Demand Process: Taking a Strategic Approach to Demand Generation

Most B-to-B companies focus on too many marketing tactics without taking a strategic approach to demand generation, resulting in weak performance and ROI of marketing initiatives. This is one of the key points brought up at the Industrial Marketing Digital Summit by Adam B. Needles, chief strategy officer at ANNUITAS, a B-to-B demand generation firm.

Needles quoted a Forrester Research study that reported B-to-B marketers are juggling too many tactical balls, with 75 percent of them using 15 of the 26 marketing techniques surveyed. The findings held true across the SMB segment as well as larger enterprises.

The number one pain point for these organizations is the lack of quality leads for sales. This is a problem even in organizations using marketing automation technology, because the technology itself does not solve process issues. Another problem is that content does not support the buying process, because most companies lead with what they want to sell, and not with what customers want to buy. Needles referenced another survey that found 86 percent of the unique benefits touted by vendors were not perceived as unique or having enough impact to create preference.

Need for a strategic demand generation process

To overcome these challenges, Needles offers a four-step demand generation process that is strategic and perpetual with the goal of engaging, nurturing and converting buyers, driving repeatable revenue, and maximizing customer lifetime value. The four steps are:

  1. Put the buyer at center
  2. Address gaps in the middle of the funnel
  3. Build and operationalize a demand generation process
  4. Constantly optimize

1. Put the buyer at the center. Customers are living in a different world now. Due to their online research and participation in social networks and online forums, they are more informed and have more choices than ever before in terms of products and services available to them. In short, they are in control. Marketers must adapt because the power has shifted to buyers. The sales-driven culture is gone; the buyer-driven culture is here.

Companies must now build messaging, programs and systems around the goals of educating and qualifying their prospects.

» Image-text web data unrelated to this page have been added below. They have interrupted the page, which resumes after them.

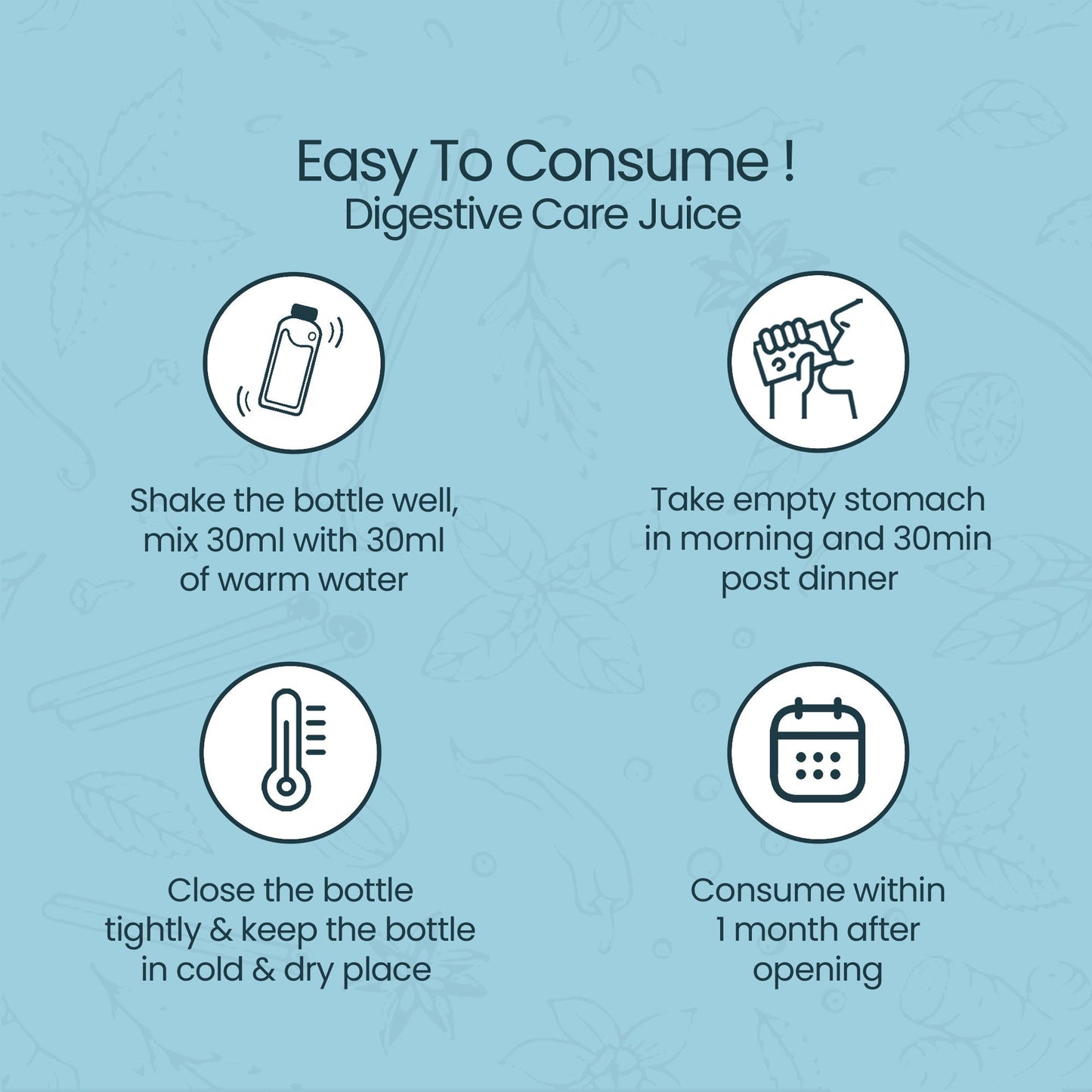 Krishna'S Herbal & Ayurveda Digestive Care Juice | Swadesiicart
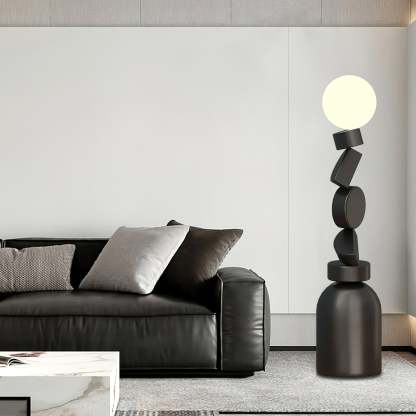 Retro Totem Block Floor Lamp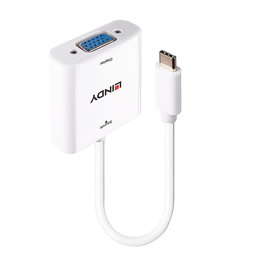 Lindy Adaptador de Cable 43355 USB-C a VGA (D-Sub) - Blanco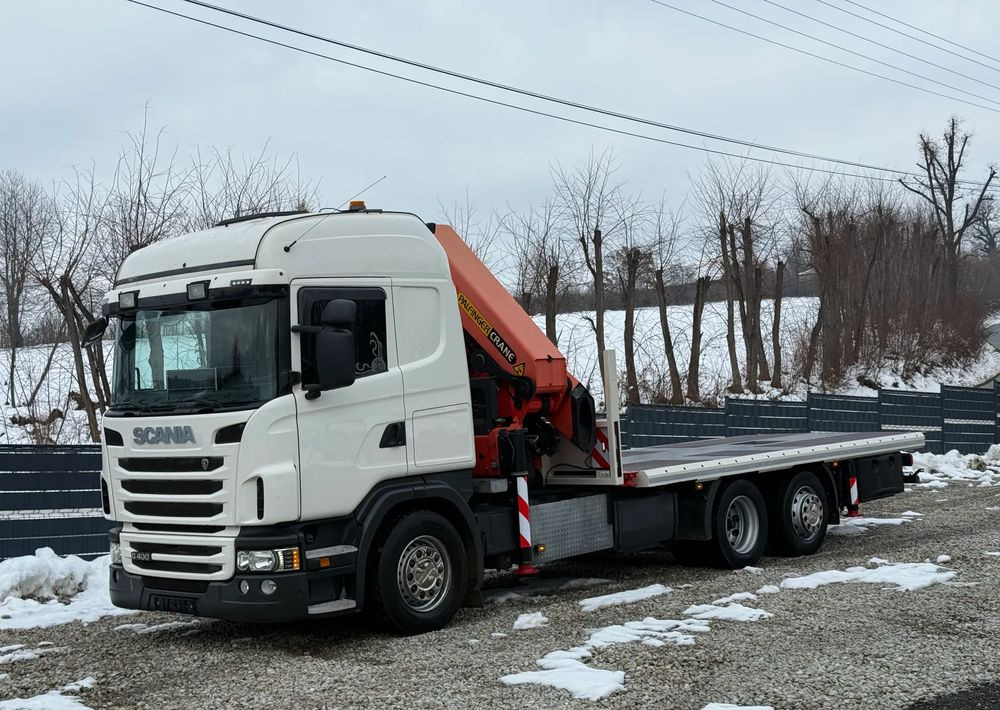 Scania * SCANIA G400 * HDS Palfinger Kran PK 42500 * 3 Osie * Sprowadzona * Bardzo Dobry Stan * - Vrachtwagen met open laadbak, Kraanwagen: afbeelding 2 Scania * SCANIA G400 * HDS Palfinger Kran PK 42500 * 3 Osie * Sprowadzona * Bardzo Dobry Stan * - Vrachtwagen met open laadbak, Kraanwagen: afbeelding 2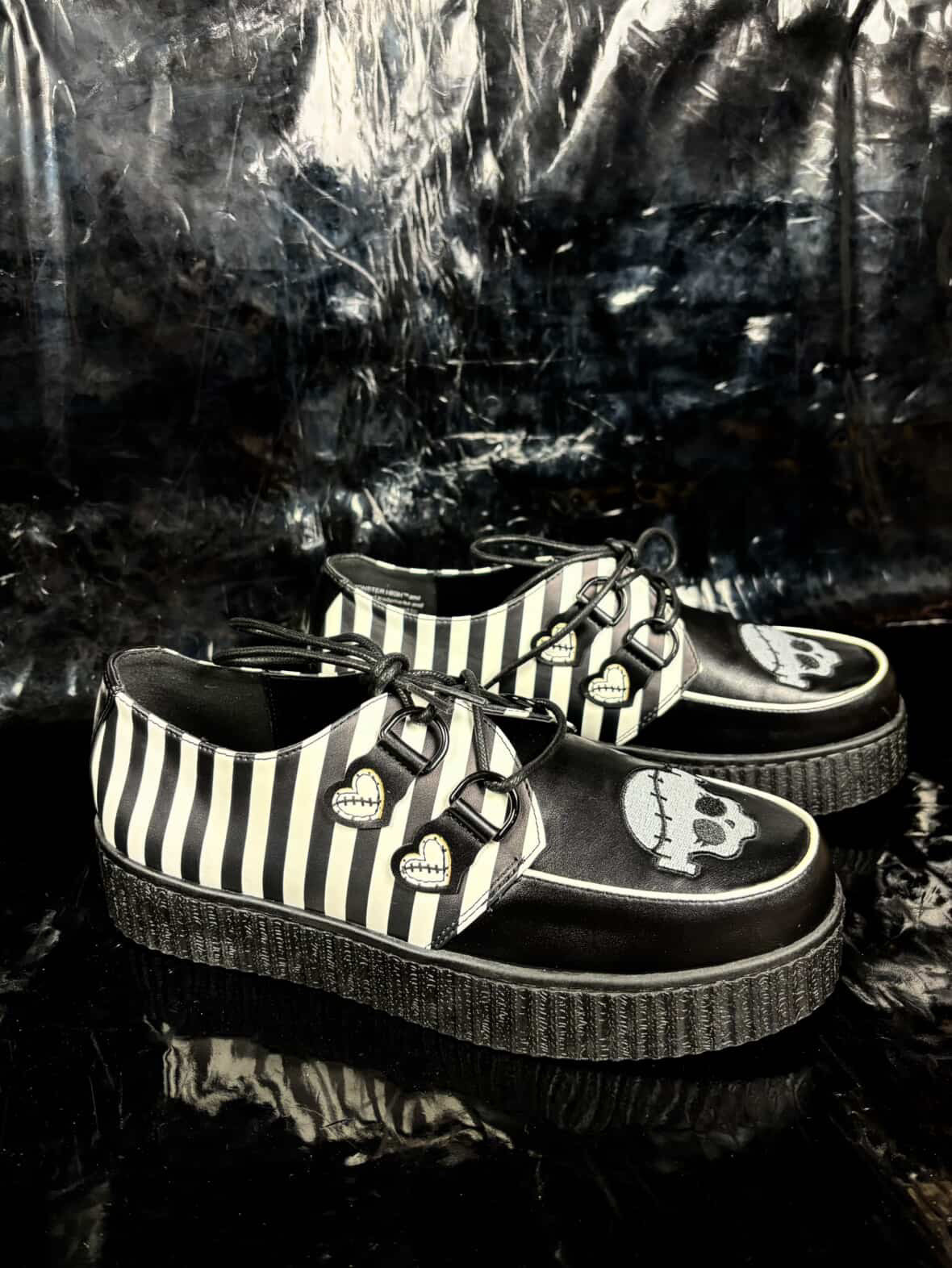 Zapatos creep frankiestein black and white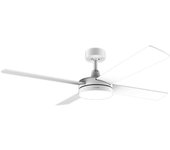 Ventilador de Techo Cecotec EnergySilence Aero 5200 White Line/ 60W/ 4 Aspas 132cm/ 3 velocidades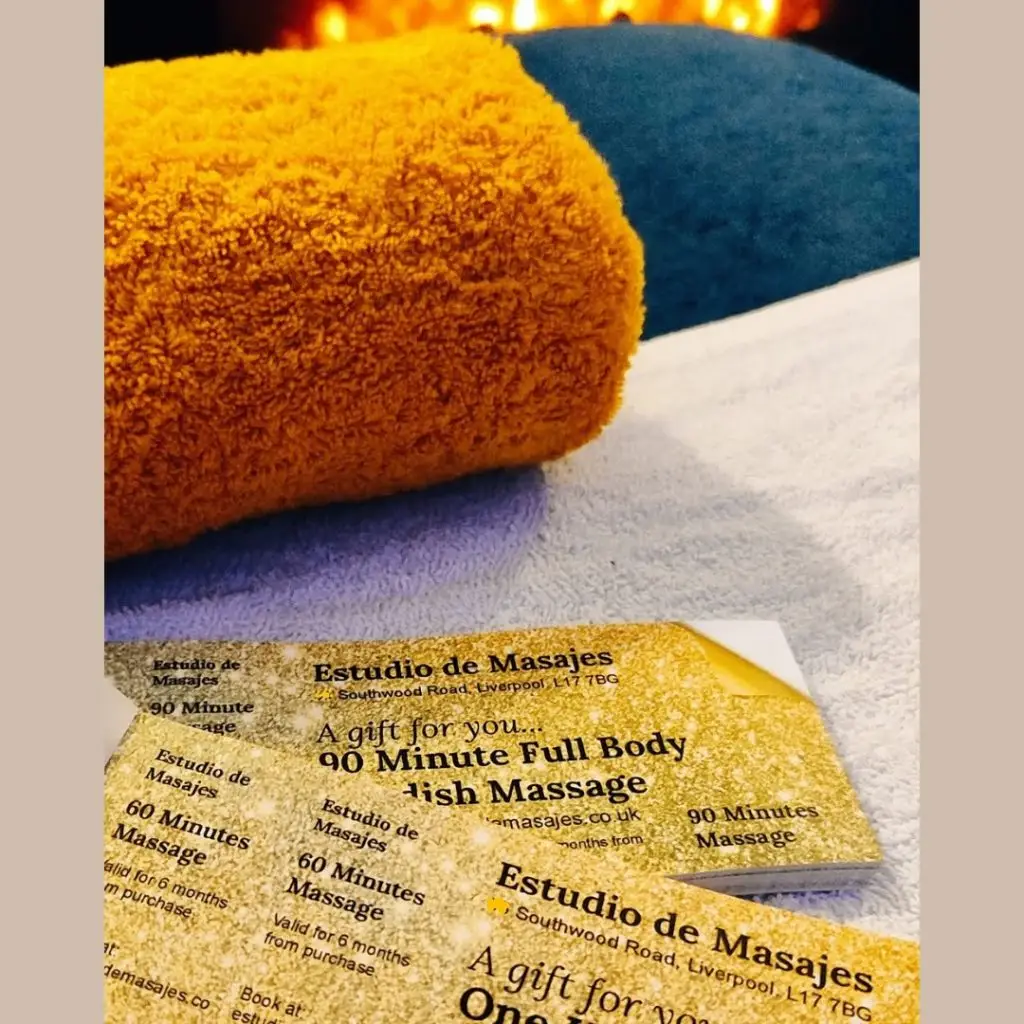 Estudio de Masajes. Liverpool Massage. Massage gift voucher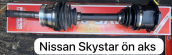 NİSSAN SKAYSTAR ÖN AKS   (XS2104S25)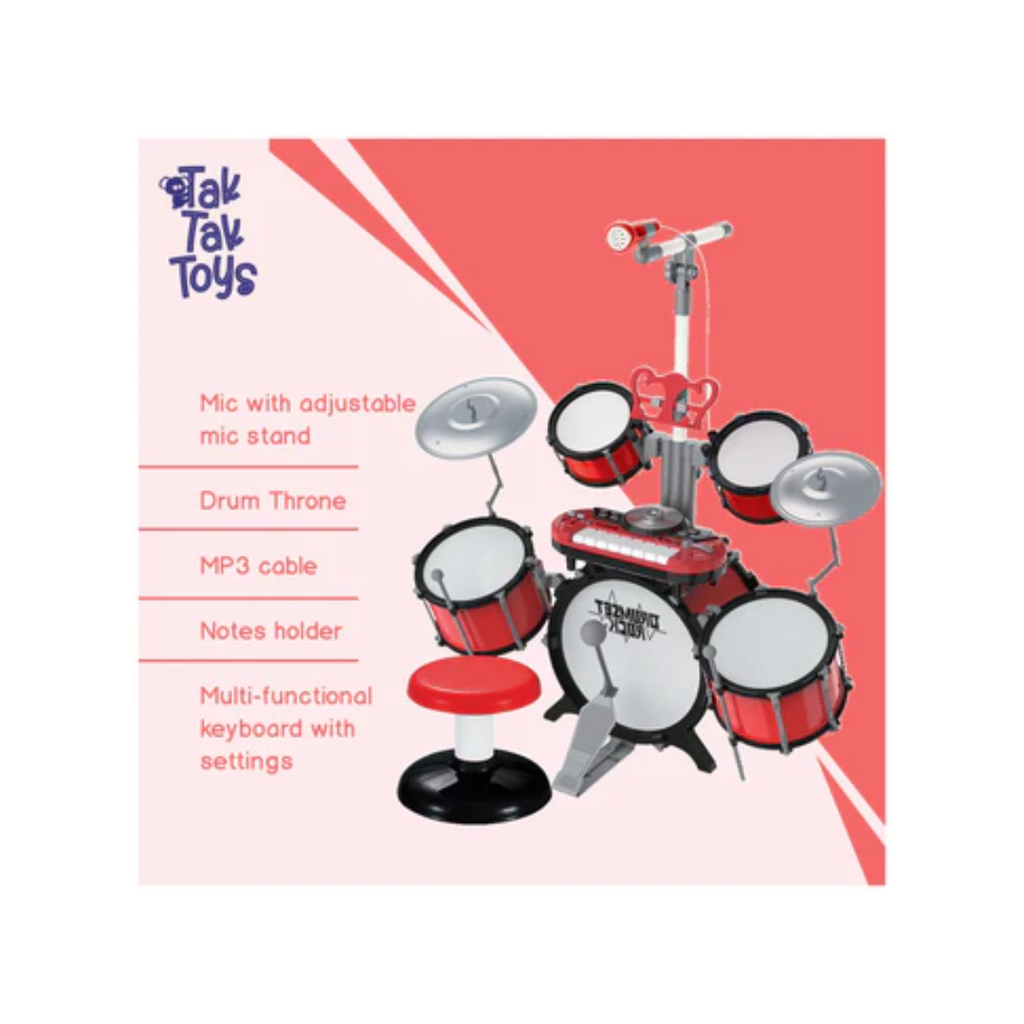Tak Tak Toys  Dynamo Drumset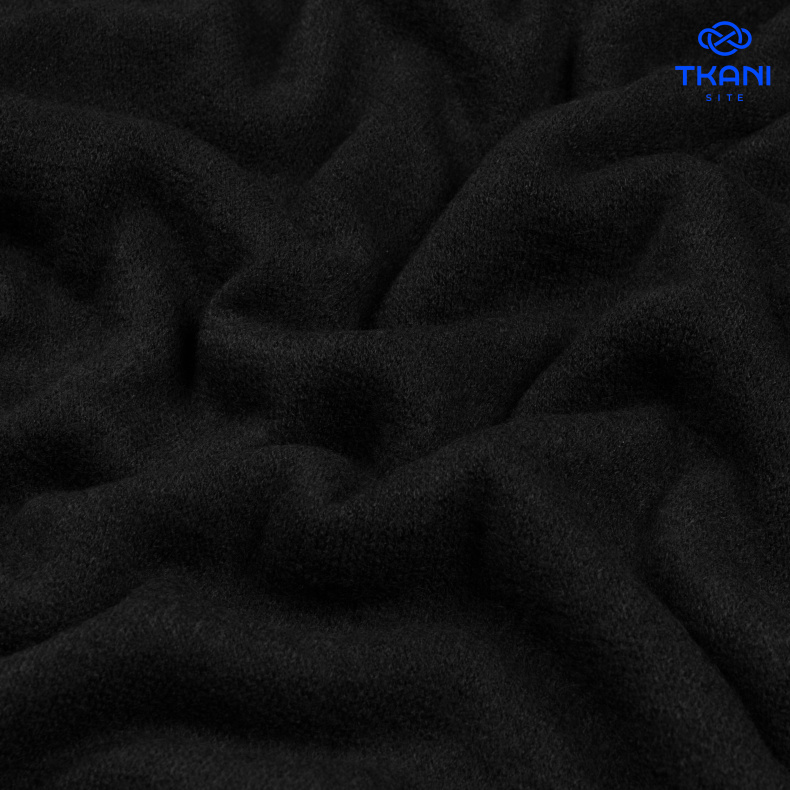 1639. Трикотажное полотно. Имитация ручной вязки. Черный. от Tkani.site
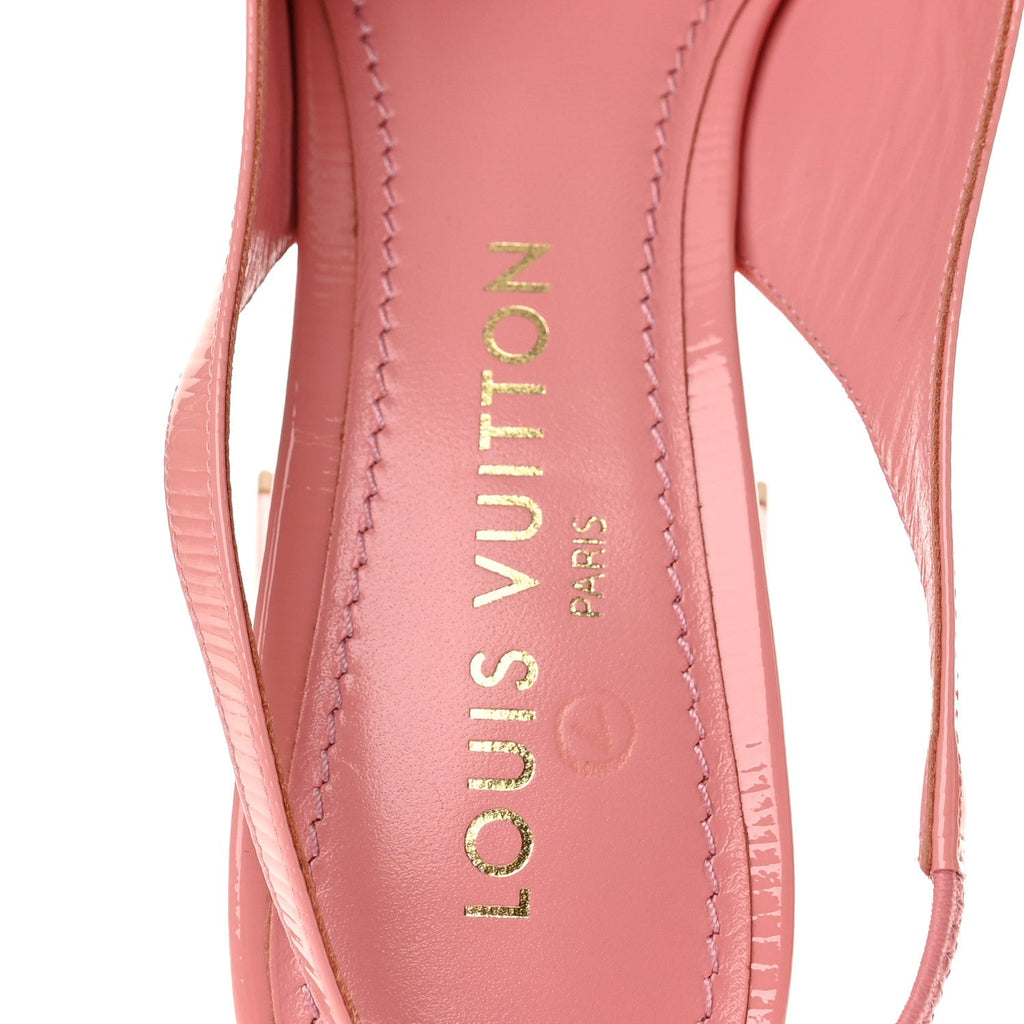 Louis Vuitton Electric Epi Women's Shake Slingback Pumps 40 Pink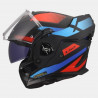 LS2 - CASCO MOTO MODULARE FF901 ADVANT X NOVA - BLU/ROSSO/NERO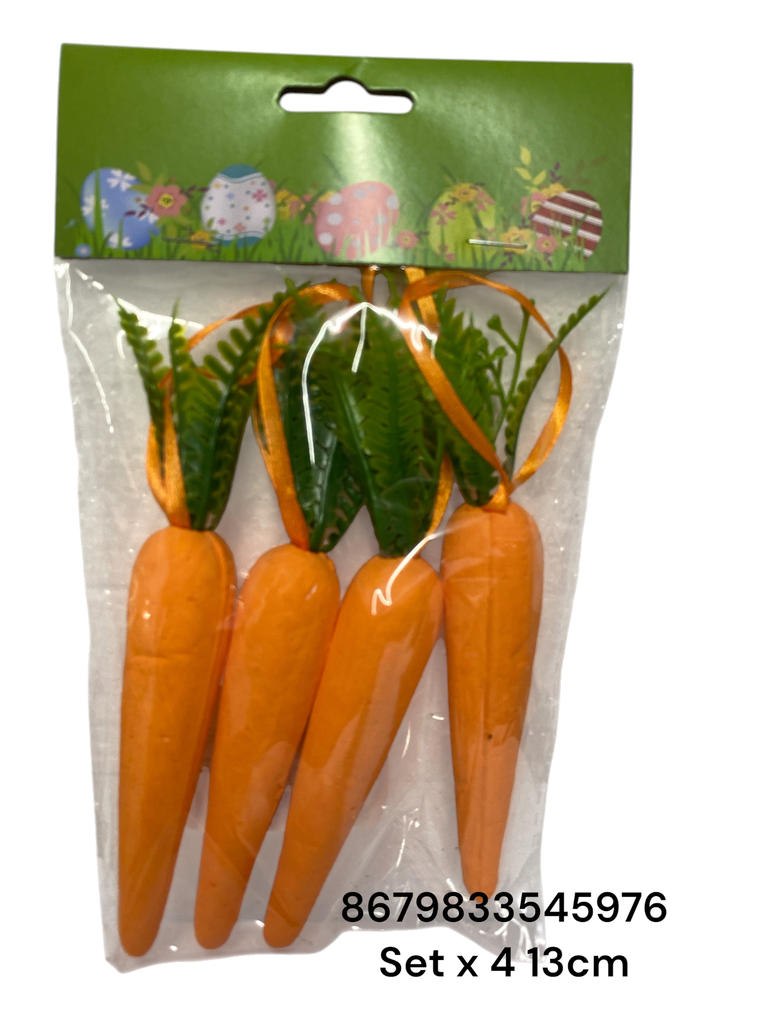 ZANAHORIA ARTF. SETX4 13CM C/U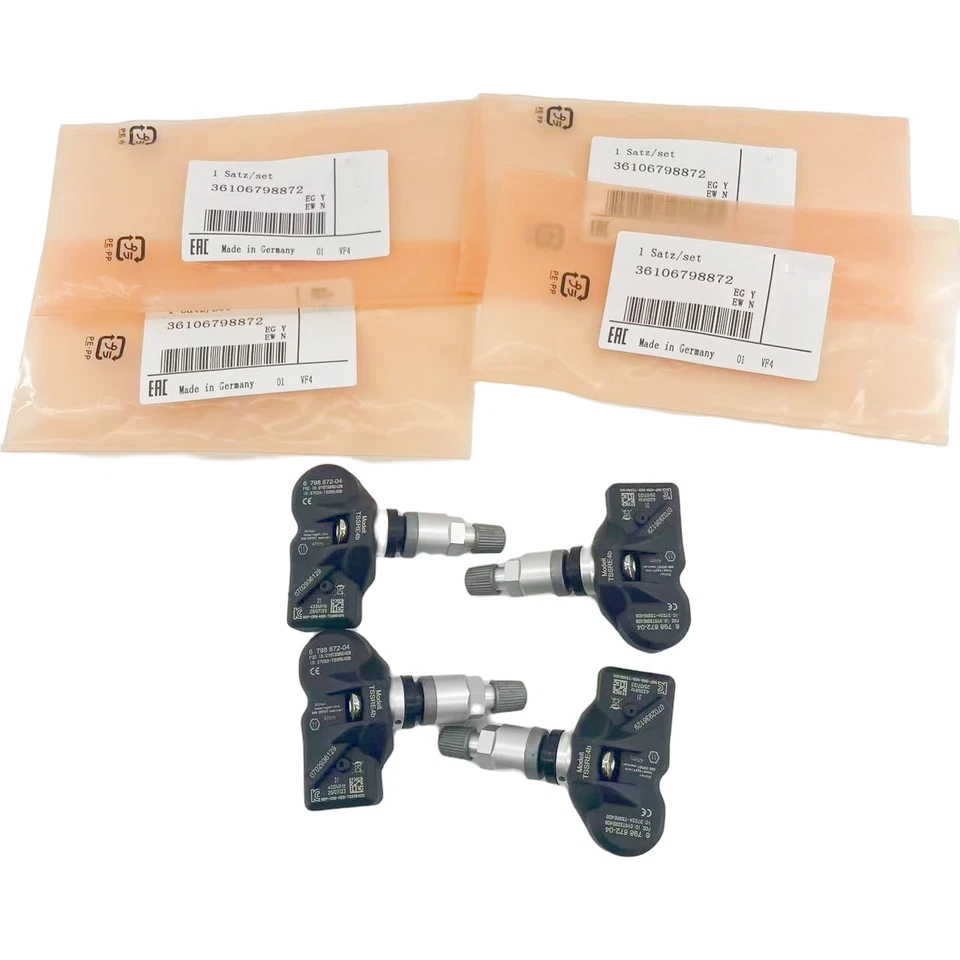 4PCS 36106798872 433MHz Tire Pressure Monitoring Sensor TPMS For BMW X1 X3 Z4 M5 Foto 2 de 4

They must have the right content at each stage of the buy cycle and must understand at what point a potential customer wants to interact with a sales person. That’s when a lead is sales ready—when they’re ready to talk to sales person.

2. Address gaps in the middle of the funnel. Companies may be good at building awareness and generating initial contact, but too often the prospect disappears because there are no nurturing programs to support them through their buying process.

Lead management is not a strongpoint for most B-to-B organizations and less than one-fourth has a defined lead-to-revenue process, according to Forrester. Only 5 percent claim that every prospect interaction is orchestrated.

Needles also quotes a study performed by the marketing automation firm Eloqua in which the lack of lead nurturing had a negative impact on the number of leads. It is in this stage that prospects need to be understood, scored and segmented, offered relevant content, and generally cared for (or nurtured) until they are ready for sales. It is also where you continue to ask more questions of prospects that will help you further define their needs and qualify them. Also, successful companies continue to nurture prospects who many never become sales-ready because it keeps their name top of mind for referral situations or if the prospect changes jobs.

3. Build and operationalize a demand generation process. While technology such as marketing automation can help support your demand generation process from end to end, technology in itself does not build the process. The demand generation process requires a business and cultural shift in which the sequence of engagement, nurturing and conversion of buyer demand into revenue is treated as a series of steps that can be both managed and optimized.

The demand process must be structured to support each of the three phases of engagement, nurturing and conversion. You must define rules for content marketing, prospect scoring and segmentation, lead management, team member roles, and use of technology. Most importantly, the process must be used consistently and perpetually by your organization.

4. Transform and optimize the process. Improvement of the demand generation process is not an option; it’s a necessity. You should be tracking metrics and performance at every stage of the process. Two key areas to focus on are outcomes and governance. In terms of outcomes, volume and quality of leads, conversion, ROI, and customer lifetime value should all be on your list of metrics to optimize. Governance includes overall program management, end-to-end process documentation, and incorporation of best practices.
Making demand generation a strategic process is not a simple task, but it is an essential one for B-to-B companies.

For more details and several case studies, view Needles’ presentation on demand.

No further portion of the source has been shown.